Three High-Dividend Stocks in the S&P 500: Risks Behind the Glamour

标普500的三只高息股:光环下的风险
Published on: Sep 25, 2025
Author: Amy Liu

We rarely mention United Parcel Service (UPS), Conagra Brands (CAG), and LyondellBasell Industries (LYB) together in the same discussion. They operate in three distinct industries—transportation, packaged foods, and chemicals, respectively—but share two crucial commonalities: they are all constituents of the S&P 500 index, and they are currently the only three stocks within the index offering a dividend yield exceeding 7.5%, making them the “dividend kings” of the index. However, behind these enticing high yields, investors must also be prepared for corresponding risks. Let’s examine the opportunities and challenges facing each of these three companies.

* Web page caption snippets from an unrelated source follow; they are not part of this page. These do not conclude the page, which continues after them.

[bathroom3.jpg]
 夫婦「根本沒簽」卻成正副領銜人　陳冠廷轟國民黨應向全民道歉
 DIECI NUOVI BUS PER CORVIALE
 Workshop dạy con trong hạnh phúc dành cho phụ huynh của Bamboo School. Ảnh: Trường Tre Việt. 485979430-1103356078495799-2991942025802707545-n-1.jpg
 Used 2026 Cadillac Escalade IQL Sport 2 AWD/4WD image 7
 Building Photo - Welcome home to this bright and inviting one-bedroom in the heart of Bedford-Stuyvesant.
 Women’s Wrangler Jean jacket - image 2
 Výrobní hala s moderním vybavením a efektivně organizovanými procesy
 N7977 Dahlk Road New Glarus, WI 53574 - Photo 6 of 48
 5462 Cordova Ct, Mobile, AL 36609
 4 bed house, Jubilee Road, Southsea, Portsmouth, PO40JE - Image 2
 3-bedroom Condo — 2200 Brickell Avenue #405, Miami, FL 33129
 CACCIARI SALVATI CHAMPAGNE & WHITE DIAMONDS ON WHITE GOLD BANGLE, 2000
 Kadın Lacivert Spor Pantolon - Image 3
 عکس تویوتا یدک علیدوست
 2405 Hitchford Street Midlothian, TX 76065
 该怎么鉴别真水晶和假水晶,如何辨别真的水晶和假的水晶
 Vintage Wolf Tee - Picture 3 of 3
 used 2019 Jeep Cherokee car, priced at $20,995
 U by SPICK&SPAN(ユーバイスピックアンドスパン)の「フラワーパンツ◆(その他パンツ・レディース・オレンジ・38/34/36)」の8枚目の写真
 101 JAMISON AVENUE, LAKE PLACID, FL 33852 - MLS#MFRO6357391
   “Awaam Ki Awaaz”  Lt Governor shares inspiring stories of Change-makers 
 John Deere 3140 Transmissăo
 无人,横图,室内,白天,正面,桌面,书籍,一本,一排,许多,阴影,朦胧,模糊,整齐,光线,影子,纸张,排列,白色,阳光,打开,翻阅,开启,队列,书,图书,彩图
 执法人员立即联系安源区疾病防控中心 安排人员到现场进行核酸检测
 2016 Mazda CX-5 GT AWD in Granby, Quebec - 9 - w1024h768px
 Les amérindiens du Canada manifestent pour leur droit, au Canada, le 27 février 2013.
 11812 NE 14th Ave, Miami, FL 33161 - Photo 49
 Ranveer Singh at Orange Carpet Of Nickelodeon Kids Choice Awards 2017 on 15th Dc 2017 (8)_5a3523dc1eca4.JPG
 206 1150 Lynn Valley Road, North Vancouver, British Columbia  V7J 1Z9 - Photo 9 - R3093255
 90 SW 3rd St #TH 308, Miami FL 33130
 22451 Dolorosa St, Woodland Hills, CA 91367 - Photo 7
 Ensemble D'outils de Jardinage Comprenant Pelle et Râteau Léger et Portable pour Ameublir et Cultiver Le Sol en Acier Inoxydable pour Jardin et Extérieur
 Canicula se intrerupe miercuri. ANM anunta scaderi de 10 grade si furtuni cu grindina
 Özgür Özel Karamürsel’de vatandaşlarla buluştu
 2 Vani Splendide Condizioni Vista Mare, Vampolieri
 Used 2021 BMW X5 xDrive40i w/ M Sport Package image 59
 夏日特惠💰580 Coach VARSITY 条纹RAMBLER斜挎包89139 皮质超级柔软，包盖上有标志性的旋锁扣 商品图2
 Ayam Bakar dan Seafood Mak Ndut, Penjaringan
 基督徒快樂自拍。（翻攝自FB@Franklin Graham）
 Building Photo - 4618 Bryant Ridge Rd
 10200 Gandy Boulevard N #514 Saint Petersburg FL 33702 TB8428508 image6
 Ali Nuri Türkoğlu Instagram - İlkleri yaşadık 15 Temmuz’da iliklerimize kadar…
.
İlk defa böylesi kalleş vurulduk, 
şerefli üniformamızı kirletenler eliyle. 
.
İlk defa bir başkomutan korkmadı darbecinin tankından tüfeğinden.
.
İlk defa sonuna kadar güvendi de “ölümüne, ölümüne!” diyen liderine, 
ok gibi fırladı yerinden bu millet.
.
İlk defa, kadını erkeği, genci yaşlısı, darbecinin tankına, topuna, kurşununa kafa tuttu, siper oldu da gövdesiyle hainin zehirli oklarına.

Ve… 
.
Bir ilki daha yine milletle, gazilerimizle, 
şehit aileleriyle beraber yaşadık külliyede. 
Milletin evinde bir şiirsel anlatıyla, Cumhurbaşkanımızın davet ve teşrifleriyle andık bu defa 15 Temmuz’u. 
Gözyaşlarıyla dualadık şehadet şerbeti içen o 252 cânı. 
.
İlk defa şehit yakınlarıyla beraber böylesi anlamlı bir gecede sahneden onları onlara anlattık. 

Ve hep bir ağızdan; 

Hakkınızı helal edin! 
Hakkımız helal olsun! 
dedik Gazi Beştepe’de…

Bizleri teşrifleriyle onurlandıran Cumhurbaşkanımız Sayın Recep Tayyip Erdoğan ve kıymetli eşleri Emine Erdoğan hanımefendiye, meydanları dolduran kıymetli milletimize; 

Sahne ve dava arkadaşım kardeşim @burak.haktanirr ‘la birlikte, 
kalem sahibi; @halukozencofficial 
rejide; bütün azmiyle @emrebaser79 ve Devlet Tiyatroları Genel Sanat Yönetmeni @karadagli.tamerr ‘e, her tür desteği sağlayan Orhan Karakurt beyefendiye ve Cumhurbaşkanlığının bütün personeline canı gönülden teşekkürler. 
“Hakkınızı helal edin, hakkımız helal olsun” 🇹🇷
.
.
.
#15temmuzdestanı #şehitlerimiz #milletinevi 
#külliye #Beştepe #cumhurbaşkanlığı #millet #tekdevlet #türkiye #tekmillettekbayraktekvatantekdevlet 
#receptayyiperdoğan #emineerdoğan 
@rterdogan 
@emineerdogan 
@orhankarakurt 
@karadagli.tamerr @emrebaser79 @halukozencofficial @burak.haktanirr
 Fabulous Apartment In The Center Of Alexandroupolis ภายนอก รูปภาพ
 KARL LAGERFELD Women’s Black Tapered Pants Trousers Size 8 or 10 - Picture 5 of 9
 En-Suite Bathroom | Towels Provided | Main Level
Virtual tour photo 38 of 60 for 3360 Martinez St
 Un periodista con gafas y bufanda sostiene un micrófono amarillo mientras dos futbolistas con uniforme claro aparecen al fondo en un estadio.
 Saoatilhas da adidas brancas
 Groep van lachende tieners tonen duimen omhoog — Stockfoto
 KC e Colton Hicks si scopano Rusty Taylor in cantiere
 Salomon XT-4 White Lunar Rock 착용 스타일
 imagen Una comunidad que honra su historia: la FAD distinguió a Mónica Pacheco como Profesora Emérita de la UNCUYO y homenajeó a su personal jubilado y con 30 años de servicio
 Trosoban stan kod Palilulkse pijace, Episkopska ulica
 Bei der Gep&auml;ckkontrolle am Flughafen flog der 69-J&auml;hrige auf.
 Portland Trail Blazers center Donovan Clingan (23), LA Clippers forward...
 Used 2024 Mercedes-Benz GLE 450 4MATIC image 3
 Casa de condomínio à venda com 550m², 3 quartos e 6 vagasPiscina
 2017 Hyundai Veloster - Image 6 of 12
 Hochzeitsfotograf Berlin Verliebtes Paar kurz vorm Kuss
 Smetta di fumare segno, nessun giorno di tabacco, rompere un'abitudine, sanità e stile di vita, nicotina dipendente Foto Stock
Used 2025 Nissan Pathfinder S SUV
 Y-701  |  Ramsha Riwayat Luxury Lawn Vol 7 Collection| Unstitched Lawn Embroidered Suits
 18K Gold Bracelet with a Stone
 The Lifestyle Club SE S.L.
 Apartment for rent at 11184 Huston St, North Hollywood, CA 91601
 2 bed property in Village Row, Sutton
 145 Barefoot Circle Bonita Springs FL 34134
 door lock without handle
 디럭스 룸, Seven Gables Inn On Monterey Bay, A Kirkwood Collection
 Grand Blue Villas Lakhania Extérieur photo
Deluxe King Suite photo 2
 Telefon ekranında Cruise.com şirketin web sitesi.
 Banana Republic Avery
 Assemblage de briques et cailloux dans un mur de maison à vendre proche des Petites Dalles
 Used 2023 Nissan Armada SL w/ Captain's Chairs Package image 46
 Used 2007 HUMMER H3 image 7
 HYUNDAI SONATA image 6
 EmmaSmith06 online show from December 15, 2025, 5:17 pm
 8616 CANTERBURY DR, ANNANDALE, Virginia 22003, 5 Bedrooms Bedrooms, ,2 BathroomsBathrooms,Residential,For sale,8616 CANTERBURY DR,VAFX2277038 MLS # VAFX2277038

United Parcel Service (UPS): A Logistics Giant Navigating Headwinds

UPS currently offers a substantial dividend yield of 7.8%, but this high yield largely reflects market concerns about its recent difficulties. In 2023, the logistics giant’s revenue plummeted by 9%, with negative growth in four of the past six quarters, and its earnings have halved compared to their 2021 peak. The stock performance is equally concerning, with its market capitalization shrinking by over 60% since the 2021 high.

The fortunes of UPS are closely tied to the macroeconomic environment. During the pandemic lockdowns, an e-commerce boom propelled its business to a peak. Now, pressures from tariffs, declining consumer confidence, and persistently rising labor costs resulting from an agreement with the union two years ago are all suppressing demand. More critically, its relationship with its largest customer, Amazon, has fundamentally changed. Amazon is gradually building its own logistics network, and the two parties have agreed to reduce their volume by more than half over the next two years. If operational improvements fall short of expectations, this 16-year-long streak of dividend growth could potentially come to an end.

Conagra Brands (CAG): Stagnant Growth for a Consumer Staples Giant

Conagra Brands offers a dividend yield of 7.6%. As a consumer staples company, it should possess defensive qualities, but its business also faces challenges. The company’s revenue has declined for two consecutive fiscal years, and its recently released quarterly results fell short of market expectations. Management’s outlook for fiscal year 2026 is also quite conservative, projecting flat organic sales growth and profit targets below market expectations.

Based on the median earnings forecast for the current fiscal year, Conagra’s dividend payout ratio is approximately 79%. While this level is not as precarious as UPS’s, it hinges on the company’s ability to effectively reverse the current situation and successfully improve its profit margins. If stagnant growth and weak profitability persist, the high dividend policy will also come under pressure.

LyondellBasell Industries (LYB): A Striking 10.7% Yield

LyondellBasell tops the list with a striking dividend yield of 10.7%, but this appears more like a strong risk warning. This chemical company produces plastics and chemicals used in automotive and packaging industries, and its profitability has significantly contracted for four consecutive years.

The chemical industry is highly cyclical, and a high yield often signals market expectations that the dividend is unsustainable. Investors should not be surprised if the company announces a dividend cut in the near future due to financial pressures, thereby exiting this list of high-yield stocks.